Auto-recovery from manual backups

The auto-recovery from manual backups feature provides a building blocks for automatically restoring backups when MicroShift fails to start.

The feature introduces new command-line options for the existing backup and restore commands:

--auto-recovery: Changes the behavior of both commands. The PATH argument is no longer treated as final backup path, instead it's treated as directory holding all backups for auto-recovery.
--dont-save-failed (only restore): Opt-out from backing up failed MicroShift data.

Creating backups

To create backups compatible with the auto-recovery feature, use the following command, specifying --auto-recovery option and a destination where backups will be stored. For example:

$ sudo microshift backup --auto-recovery /var/lib/microshift-auto-recovery

Backups are created with predefined schema recognized by the restore command:

For ostree/bootc systems: $dateTime_deploymentId
For RPM systems: $dateTime_microshiftVersion

Restore backups

To restore a backup, run following command:

$ sudo microshift restore --auto-recovery /var/lib/microshift-auto-recovery

The process will:

Copy MicroShift data to /var/lib/microshift-auto-recovery/failed/ for later investigation (opt-out using --dont-save-failed)
Select the most recent, compatible backup and restore it.

The next time the command is executed, the previously restored backup will be moved to /var/lib/microshift-auto-recovery/restored/.

Note that the restore --auto-recovery command does not attempt to stop MicroShift.
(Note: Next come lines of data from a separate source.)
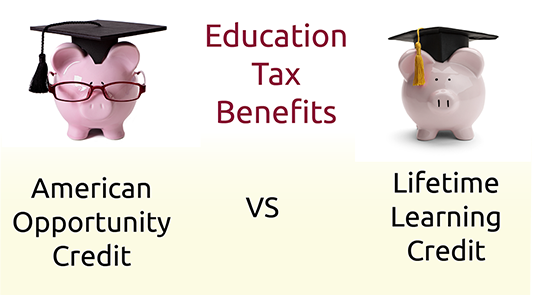 Education Tax Benefits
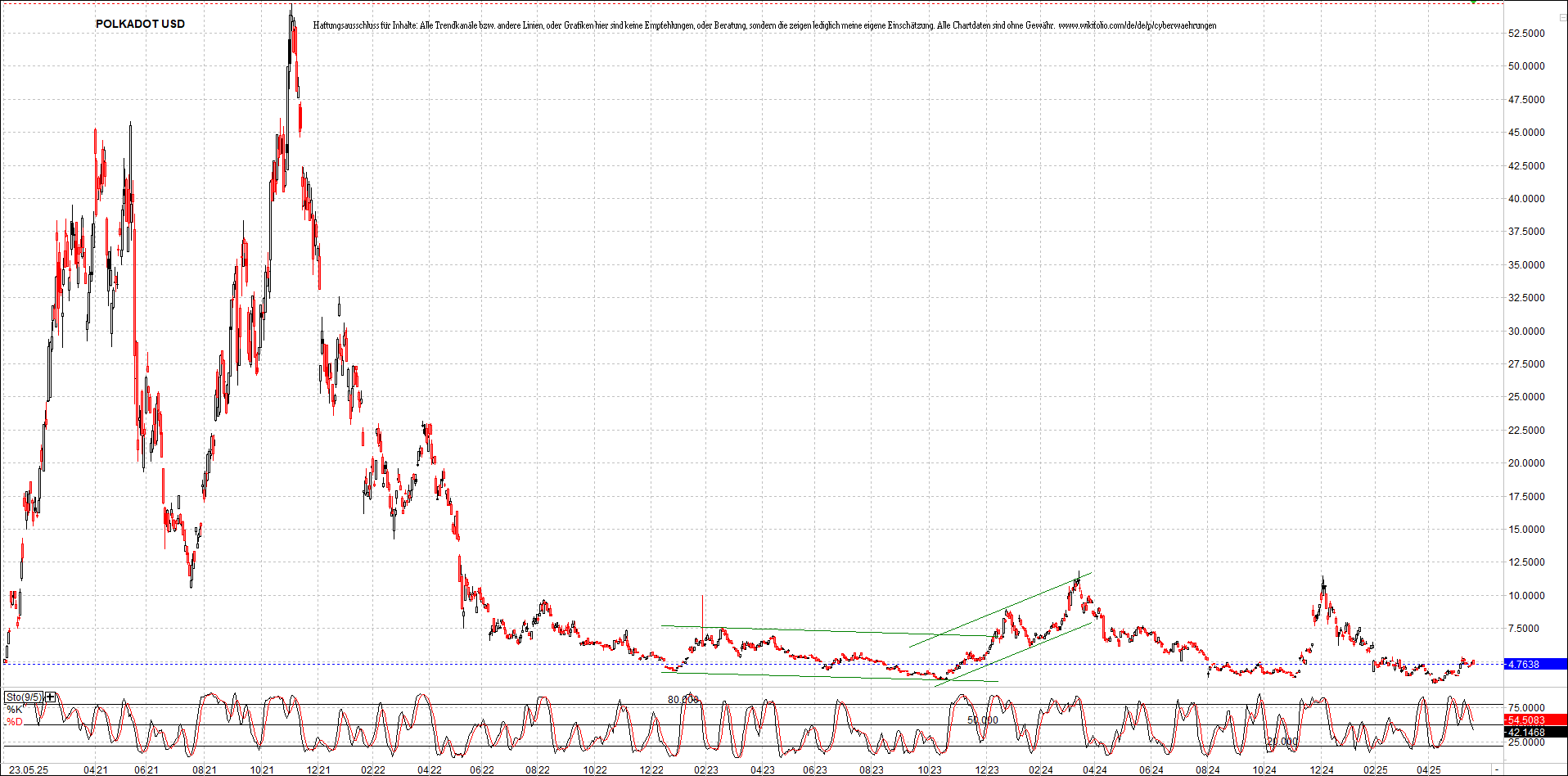 x_polkadot_usd_chart_(von_o.png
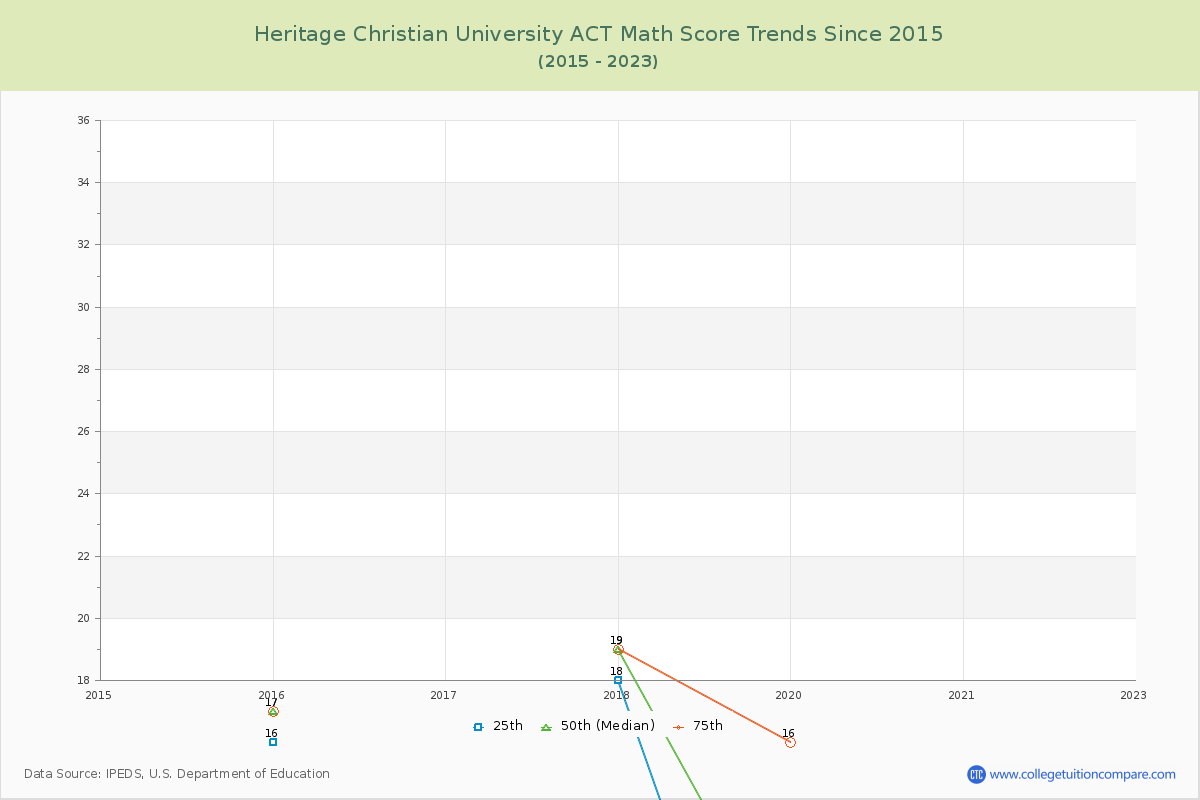 Heritage Christian University ACT Math Score Trends Chart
It is assumed that when the command is executed, MicroShift service already failed or it is user's responsibility to stop it.

User responsibilities

Creating backups: Backups require stopping MIcroShift. Only the user can determine the best time to perform this.
Restarting MicroShift: The restore --auto-recovery command does not start MicroShift after restoring; it is the responsibility of user automation.
Disk space monitoring: MicroShift does not monitor the disk space of any filesystem. Users must ensure their automation handles old backup removal.

Example of an automation - integration with systemd

Here's an example of how to automate this process using systemd for RPM systems where /usr is writable. For ostree/bootc systems, it's recommended to include these changes in the blueprint/Containerfile (see the next section for Containerfile examples).

This method utilizes systemd's OnFailure functionality which specifies services to run if the service fails. In this example, if microshift.service enters a failed state, systemd starts the microshift-auto-recovery.service unit, executing the auto-recovery restore process and restarting MicroShift.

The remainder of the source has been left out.